A “vaca sagrada” brasileira, entretanto, não é materialmente útil, tampouco louvável espiritualmente. Ela é formada por uma mística dogmática que, na verdade, esconde logro, burla, engano ou tapeação por parte da “vaca” (e de seus respectivos arautos). Isso faz lembrar o diálogo anedótico entre duas pessoas pouco letradas, no qual a impossibilidade de entendimento do que um palestrante fala é tida como simbólica de erudição e sabedoria. De maneira análoga, parece ser o caso vis-à-vis o conteúdo das transmissões da TV Justiça do Brasil atual. Não seria diferente diante de um extinto programa de governo no qual médicos não seriam tão médicos como os demais. Para tomar mais um exemplo de serviços essenciais, as “vacas sagradas brasileiras” também pontificam contra a polícia, ao mesmo tempo que qualificam de suspeitos aqueles que são flagrados enquanto praticavam crimes identificáveis até mesmo pelo mais leigo dos homens comuns.

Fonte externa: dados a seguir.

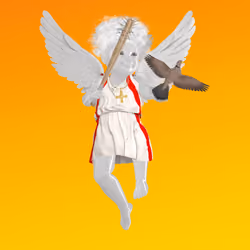 Angel #10614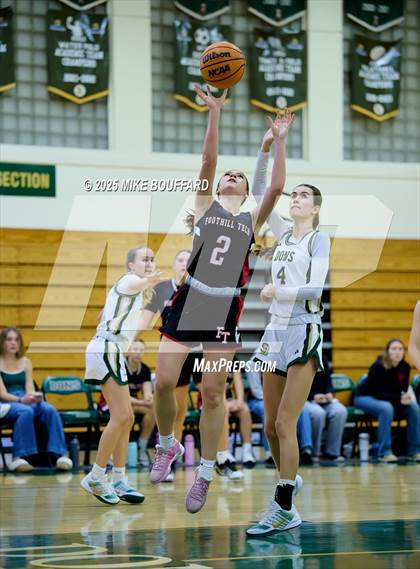 Thumbnail 2 in Foothill Tech @ Santa Barbara photogallery.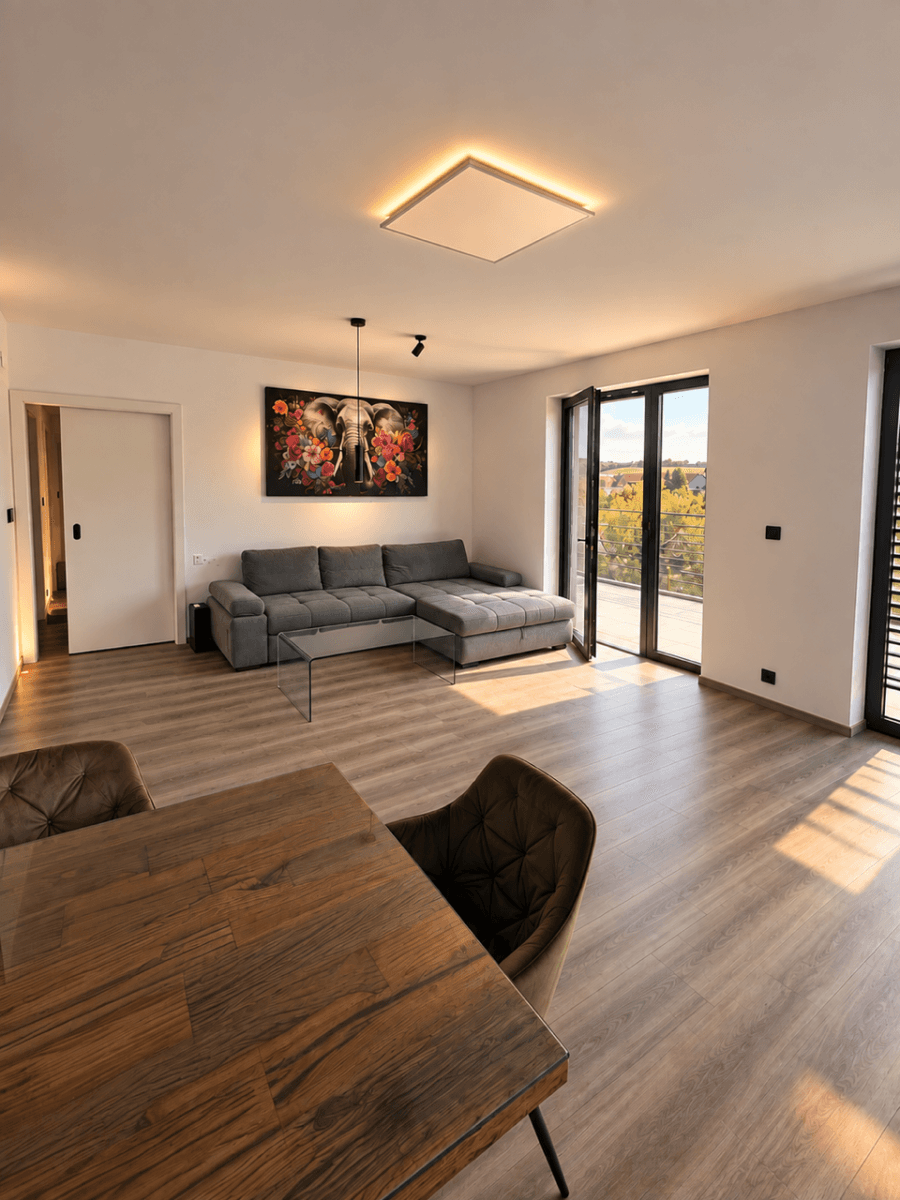 Pronájem bytu 2+kk 109 m², Pod Bílou skálou, Zdiby, Středočeský kraj Pronájem bytu 2+kk 109 m², Pod Bílou skálou, Zdiby, Středočeský kraj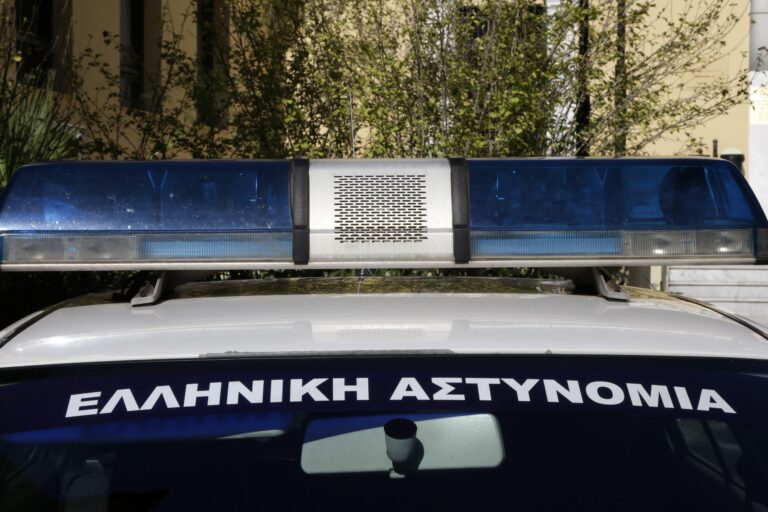 Αστυνομική επιχείρηση σε Μέγαρα και Νέα Πέραμο – Επτά συλλήψεις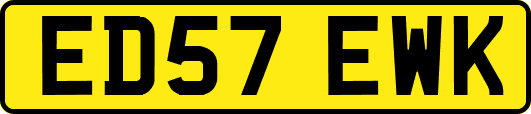 ED57EWK
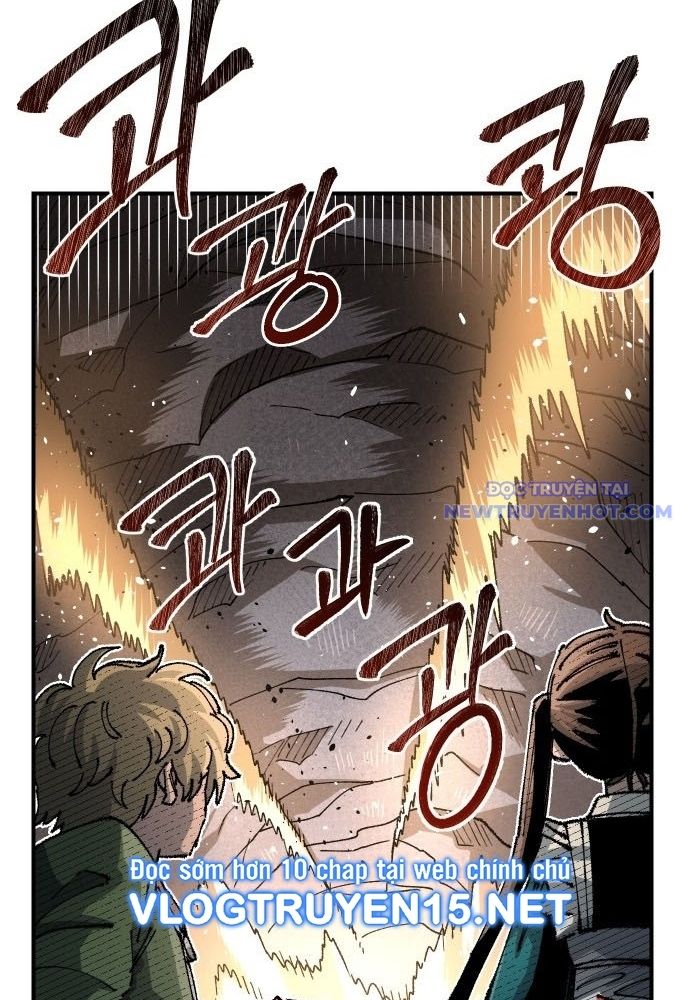 Sắp Xuất Ngũ Thì Isekai Chapter 101 - 19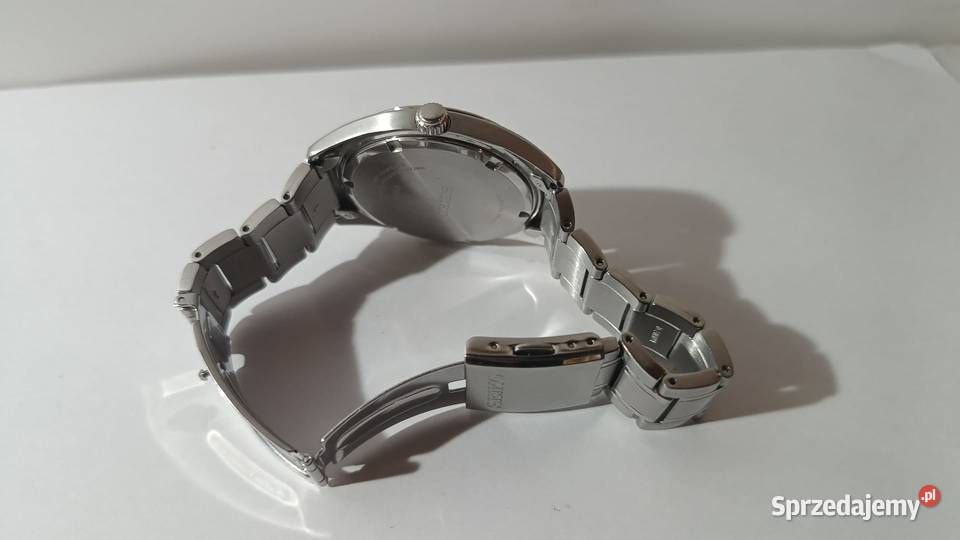 Zegarek męski SEIKO Katowice sprzedam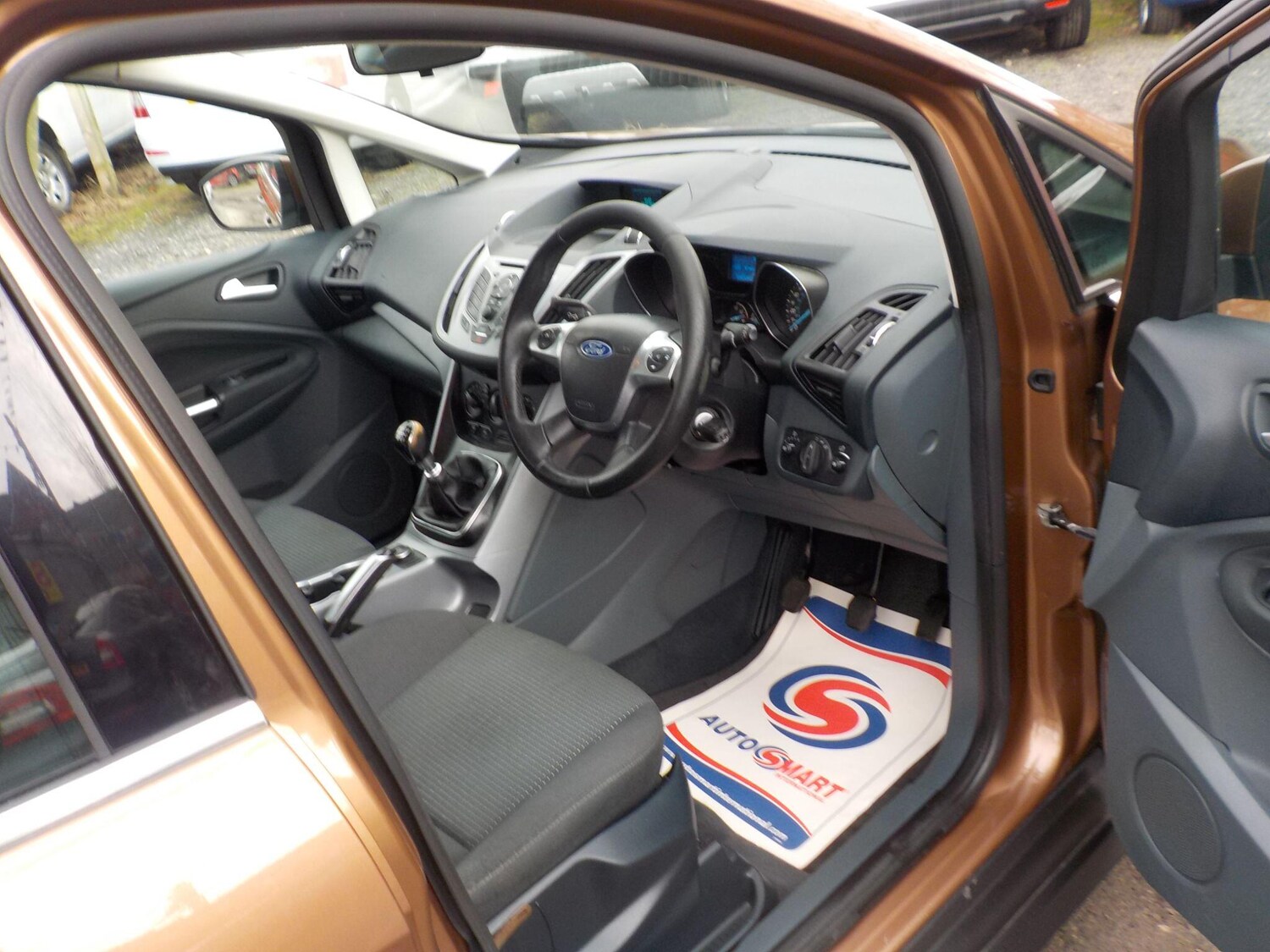 Used Ford Grand C-Max for sale - 77510505: Photo 10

Que 2020 traga para o Brasil menos vacas sagradas e respectivos arautos/proponentes. Que o logro, a burla, o engano e a tapeação tenham um pouco mais de moderação nos próximos 365 dias. Sempre oportuno lembrar Abraham Lincoln ao afirmar que “Pode-se enganar a todos por algum tempo; pode-se enganar alguns por todo o tempo; mas não se pode enganar a todos por todo tempo”. Qualquer que seja a ideologia, parece que 2019 foi um ano de desmistificação de uma antiga colônia de fidalgos e depois de “espertos”, salvadores da pátria. Mas o tempo está mudando e a circunstância mutante vai junto com ele nesse 2020 que está pouco adiante. Não há como resistir — o tempo não para. Já dizia o filósofo José Ortega y Gasset: “Eu sou eu e a minha circunstância, e se não salvo a ela, não me salvo a mim.” Que sejamos todos salvos em 2020 — Feliz Ano Novo!